**EXERCISE OBJECTIVE:** Without including any pictures, write out all the records word for word.

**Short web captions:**
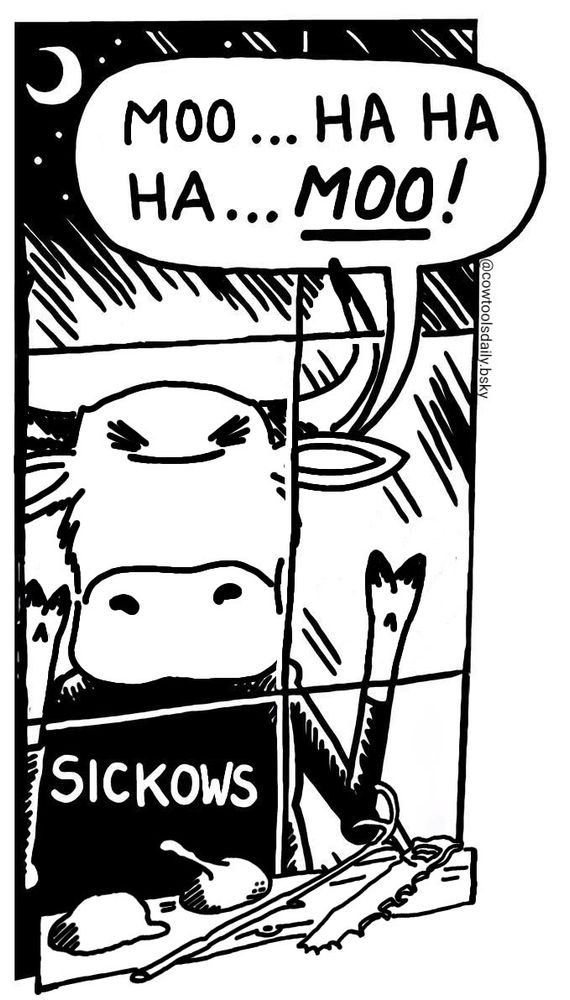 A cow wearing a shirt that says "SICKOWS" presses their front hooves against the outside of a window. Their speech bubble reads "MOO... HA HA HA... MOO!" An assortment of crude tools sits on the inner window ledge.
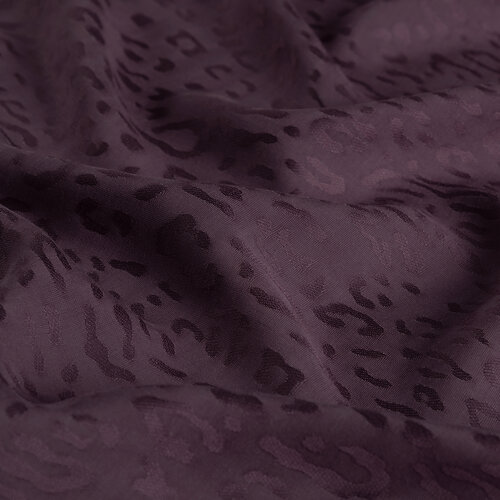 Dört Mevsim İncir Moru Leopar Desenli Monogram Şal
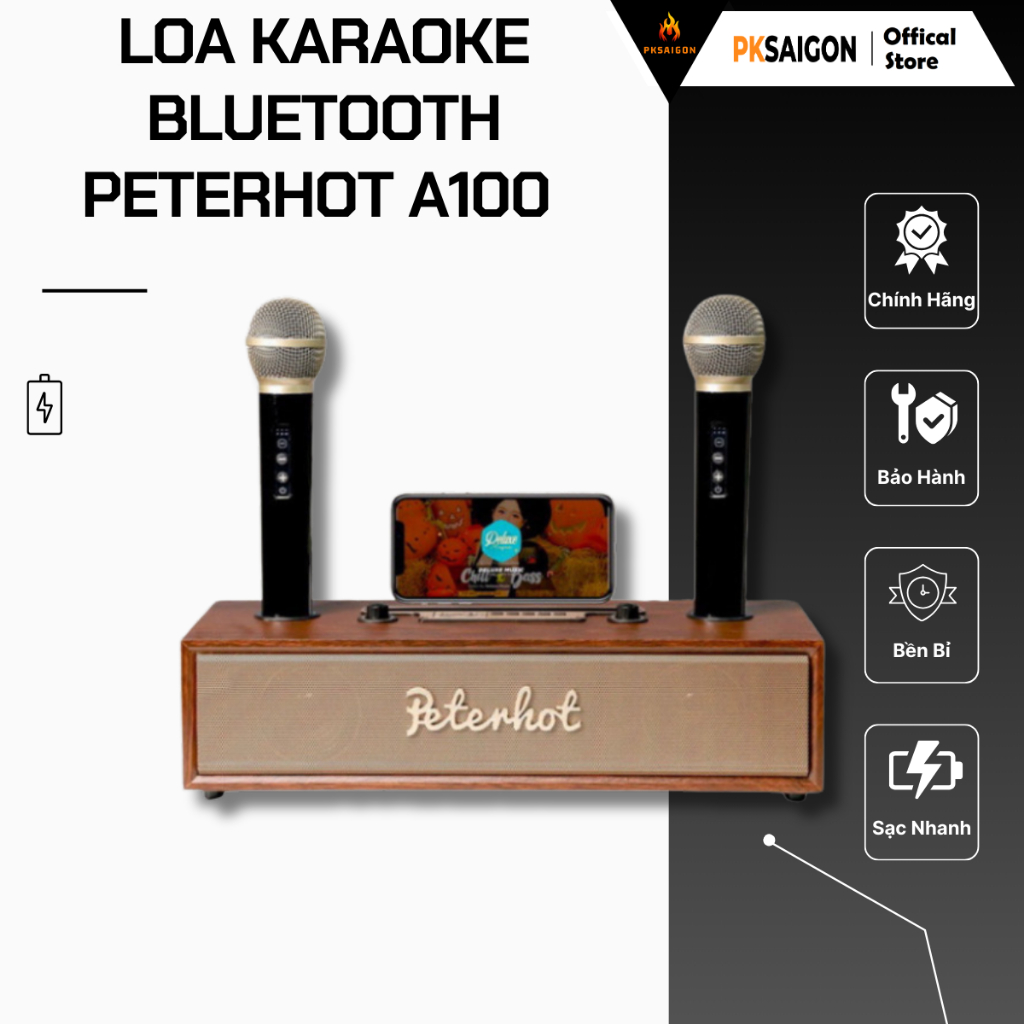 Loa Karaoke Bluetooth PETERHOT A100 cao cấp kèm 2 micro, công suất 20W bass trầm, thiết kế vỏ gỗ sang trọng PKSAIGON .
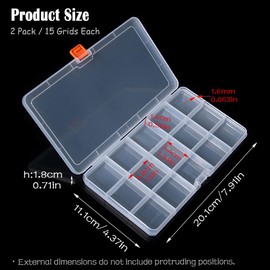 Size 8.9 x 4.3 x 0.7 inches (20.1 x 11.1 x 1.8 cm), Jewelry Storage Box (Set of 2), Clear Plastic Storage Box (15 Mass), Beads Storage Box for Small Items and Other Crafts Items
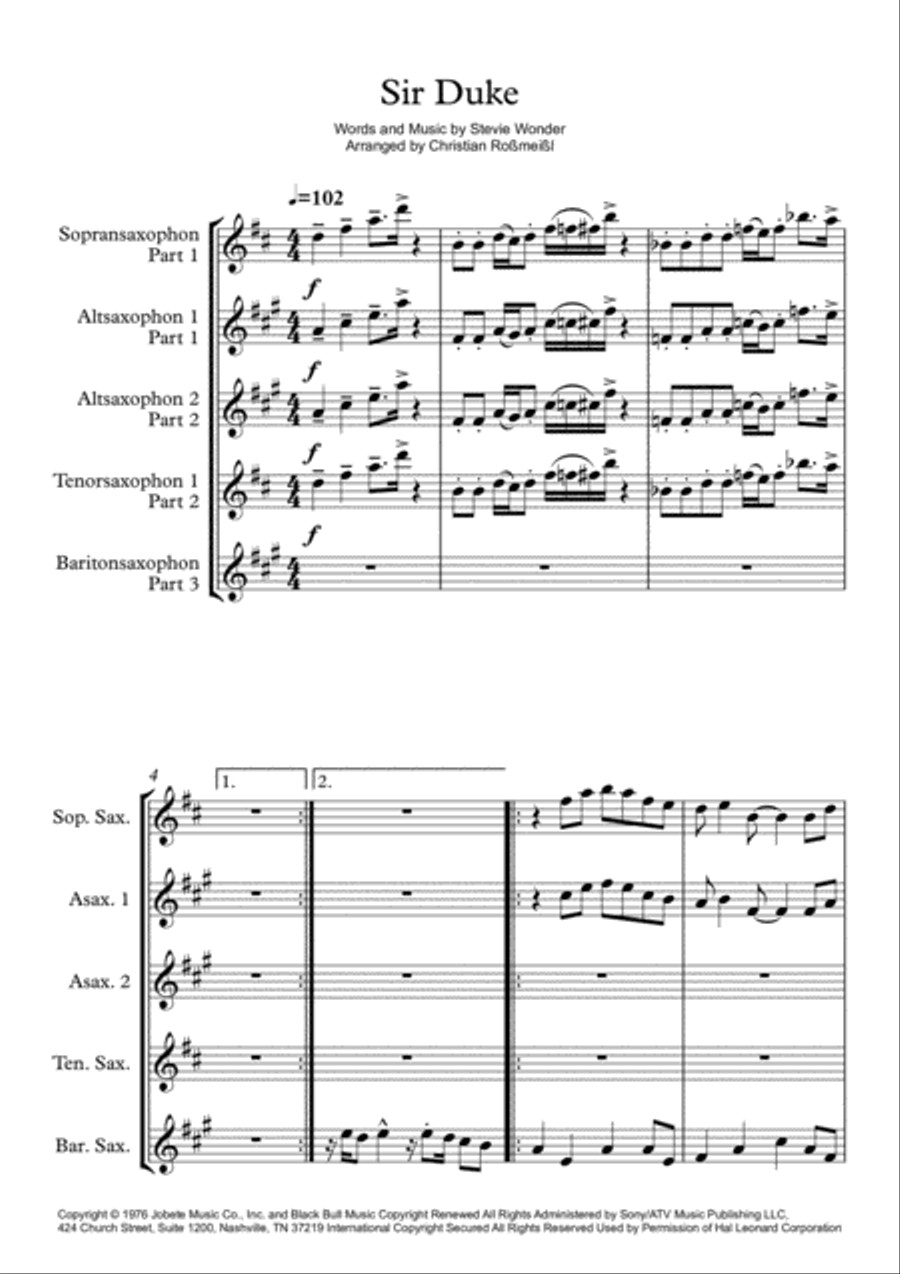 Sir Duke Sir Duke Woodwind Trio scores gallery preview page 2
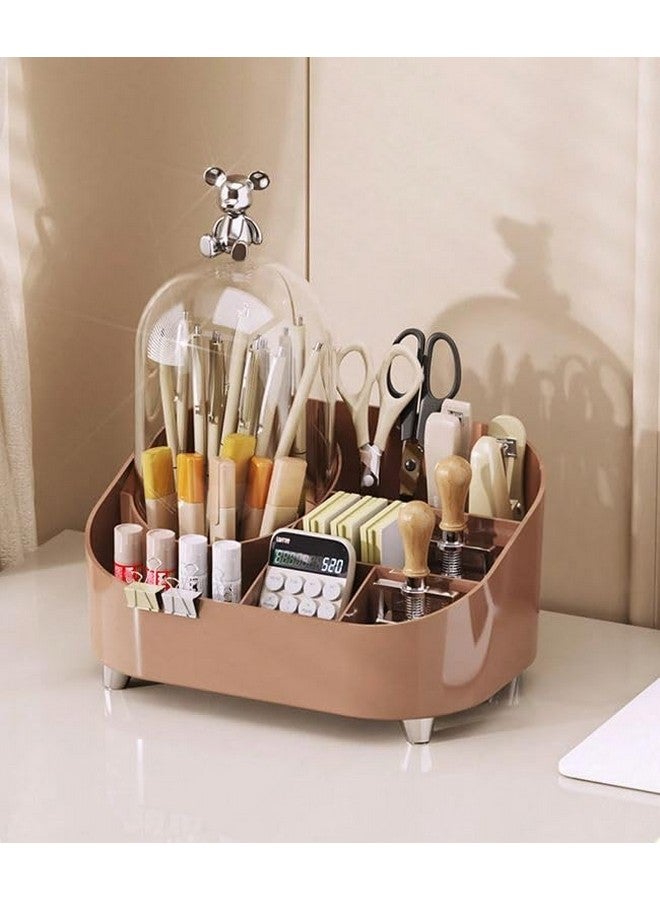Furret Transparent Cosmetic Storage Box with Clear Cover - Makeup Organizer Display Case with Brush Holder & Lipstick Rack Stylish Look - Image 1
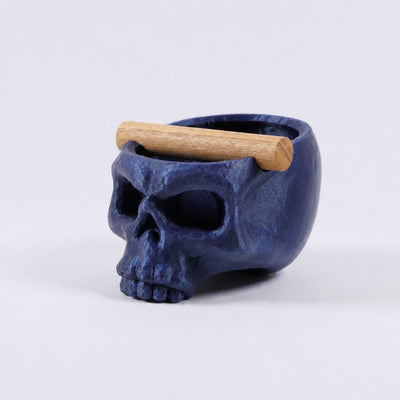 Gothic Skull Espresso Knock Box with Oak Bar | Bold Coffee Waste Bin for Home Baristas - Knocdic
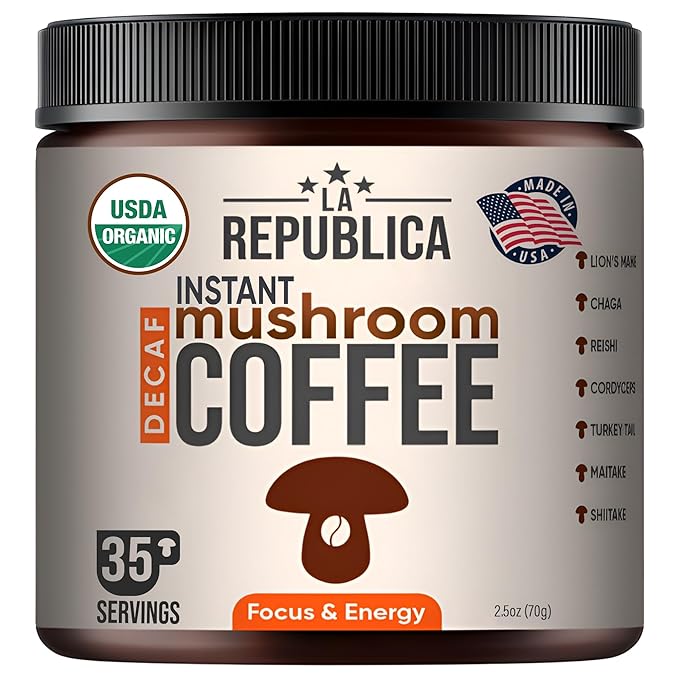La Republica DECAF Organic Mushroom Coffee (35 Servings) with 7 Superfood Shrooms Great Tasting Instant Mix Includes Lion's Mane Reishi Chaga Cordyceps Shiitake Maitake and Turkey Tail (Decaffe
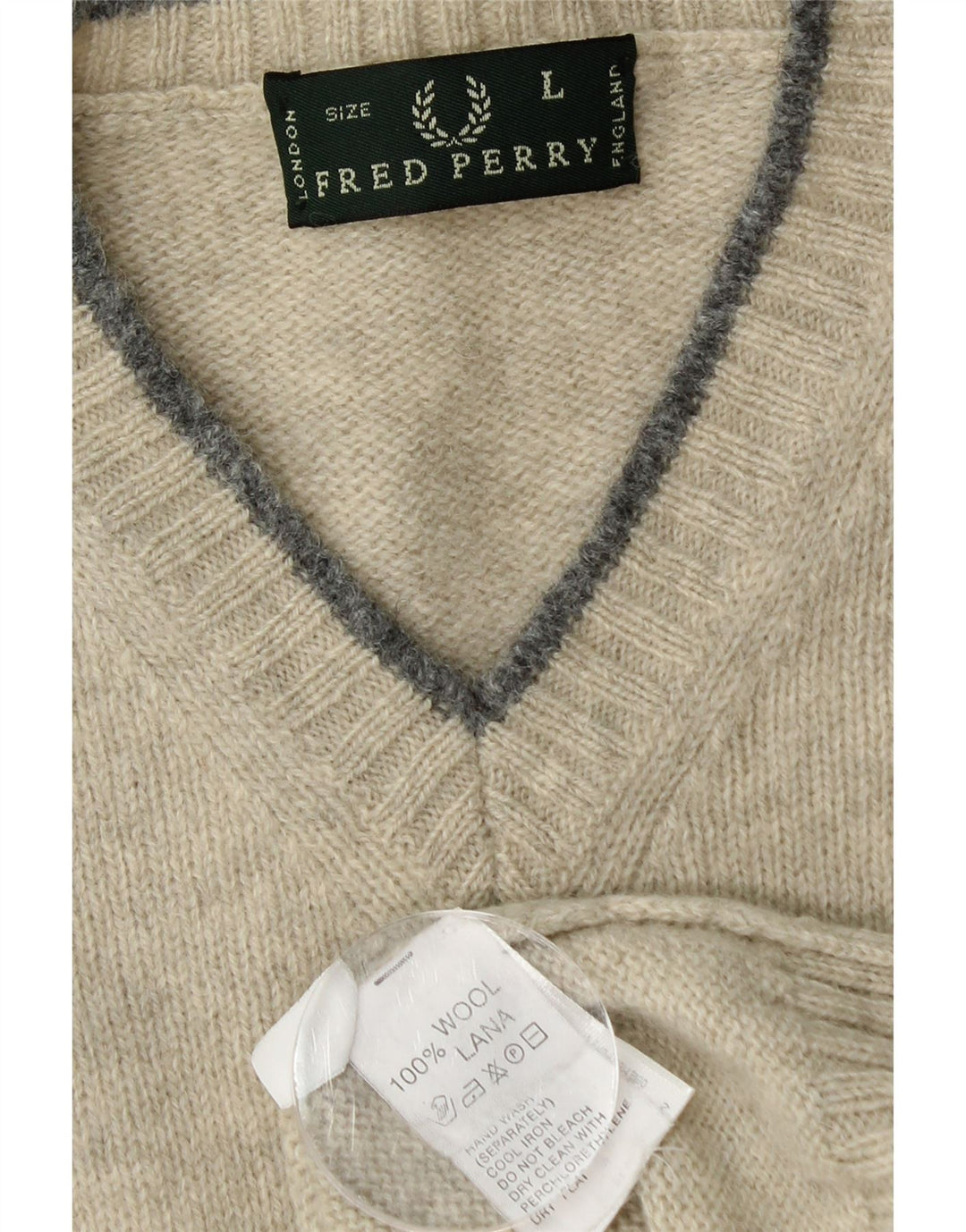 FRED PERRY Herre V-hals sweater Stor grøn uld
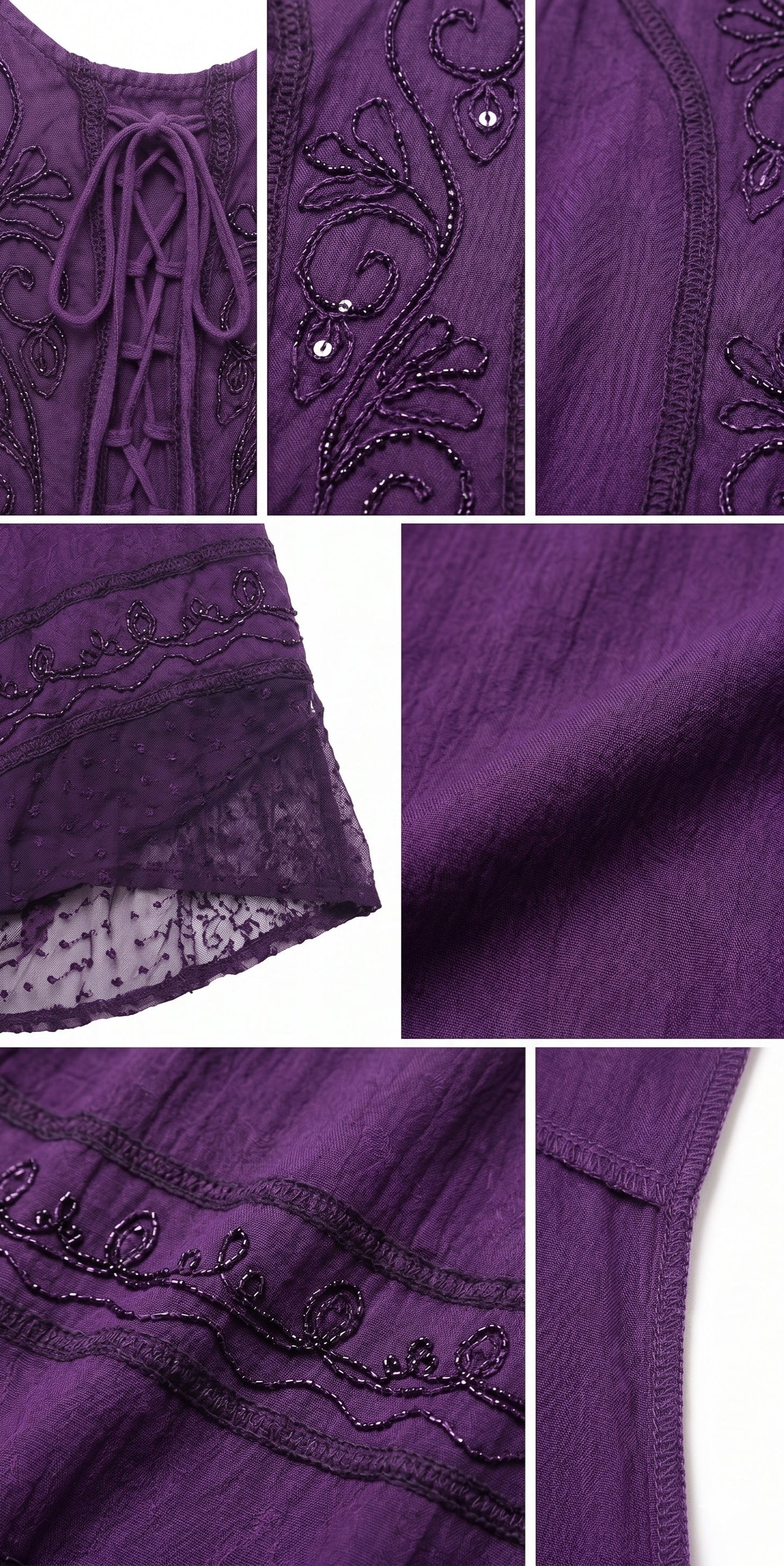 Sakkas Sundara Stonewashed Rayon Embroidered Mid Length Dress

**WORKED SOLUTION:**
 A cow wearing a shirt that says "SICKOWS" presses their front hooves against the outside of a window. Their speech bubble reads "MOO... HA HA HA... MOO!" An assortment of crude tools sits on the inner window ledge.
 Dört Mevsim İncir Moru Leopar Desenli Monogram Şal
 Loa Karaoke Bluetooth PETERHOT A100 cao cấp kèm 2 micro, công suất 20W bass trầm, thiết kế vỏ gỗ sang trọng PKSAIGON .
 Size 8.9 x 4.3 x 0.7 inches (20.1 x 11.1 x 1.8 cm), Jewelry Storage Box (Set of 2), Clear Plastic Storage Box (15 Mass), Beads Storage Box for Small Items and Other Crafts Items
 Sir Duke Sir Duke Woodwind Trio scores gallery preview page 2
Furret Transparent Cosmetic Storage Box with Clear Cover - Makeup Organizer Display Case with Brush Holder & Lipstick Rack Stylish Look - Image 1
 Gothic Skull Espresso Knock Box with Oak Bar | Bold Coffee Waste Bin for Home Baristas - Knocdic
La Republica DECAF Organic Mushroom Coffee (35 Servings) with 7 Superfood Shrooms Great Tasting Instant Mix Includes Lion's Mane Reishi Chaga Cordyceps Shiitake Maitake and Turkey Tail (Decaffe
 FRED PERRY Herre V-hals sweater Stor grøn uld
 Sakkas Sundara Stonewashed Rayon Embroidered Mid Length Dress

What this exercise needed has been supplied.